__TASK ITEM__:
Restate word for word the material below, starting at the line that contains "Pakistani classical singer" and stopping after the last line; skip pictures.

__DATA BLOCK__:
▬▬▬▬▬▬

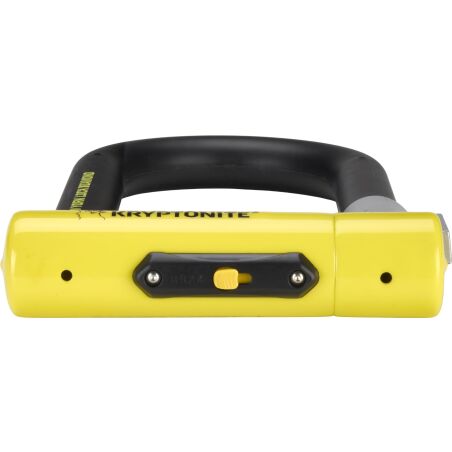 Kryptonite New York Diamond Standard inkl. FlexFrame-Halterung B&uuml;gelschloss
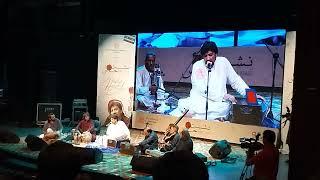 Pakistani classical singer | Arts Council of Pakistan Karachi | Ustad Hamid Ali Khan | part 6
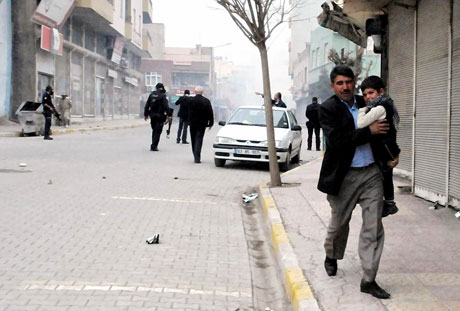 Tarihi 2011 Newroz'undan manzaralar galerisi resim 21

▬▬▬▬▬▬

__RESULT FOR THIS TASK__:
 Pakistani classical singer | Arts Council of Pakistan Karachi | Ustad Hamid Ali Khan | part 6
 Tarihi 2011 Newroz'undan manzaralar galerisi resim 21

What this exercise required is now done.